THE TASK - Would you retype the listing below word for word, without any of its pictures?
*** COLLECTED DATA Section Begins ***
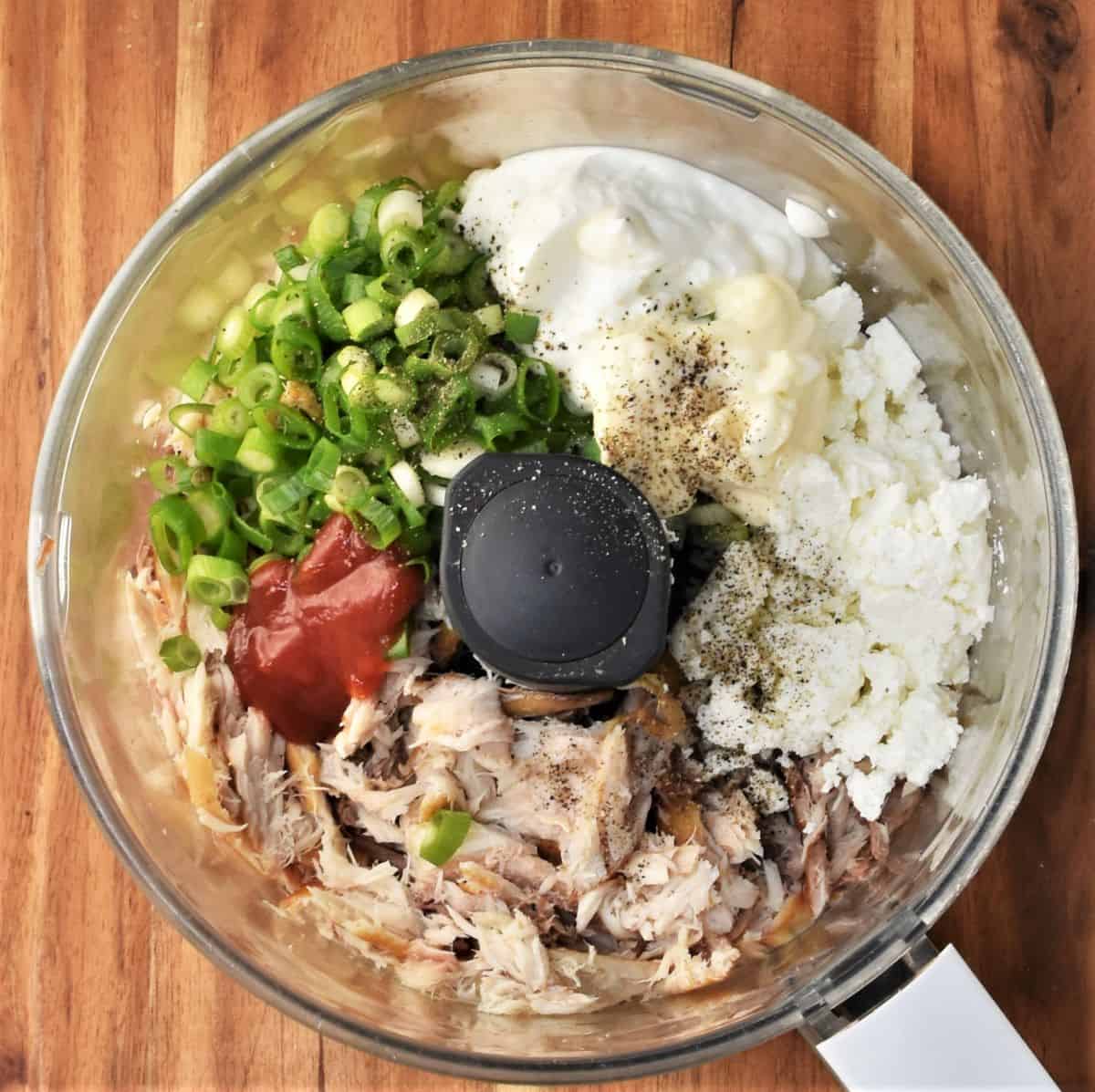 Ingredients for making pate with smoked mackerel in blender bowl.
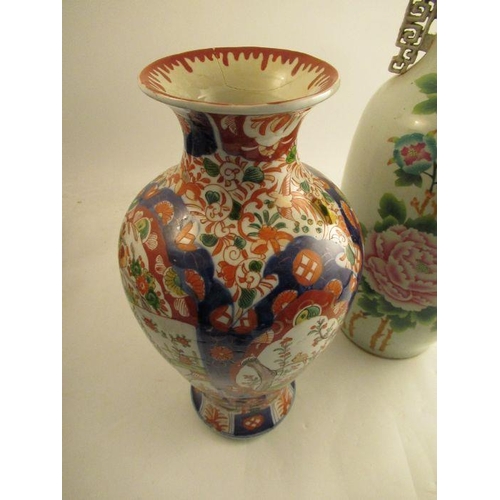 556 - A large 19th century Chinese vase decorated with flowers and script height 23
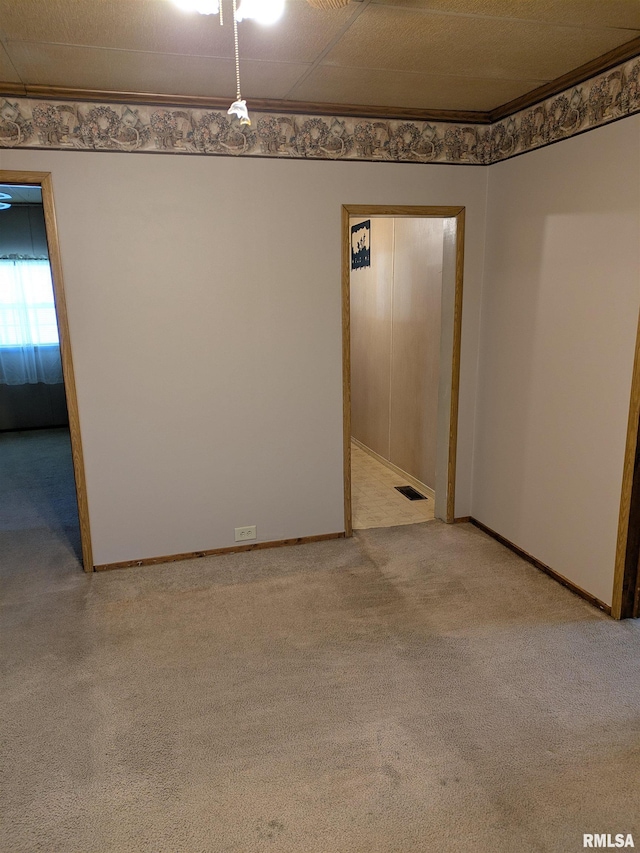 1205 Burgess Ave, Johnston City, IL 62951 - spare room featuring light colored carpet and crown molding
*** COLLECTED DATA Section Ends ***
EXERCISE OUTPUT -
 Ingredients for making pate with smoked mackerel in blender bowl.
 556 - A large 19th century Chinese vase decorated with flowers and script height 23
 1205 Burgess Ave, Johnston City, IL 62951 - spare room featuring light colored carpet and crown molding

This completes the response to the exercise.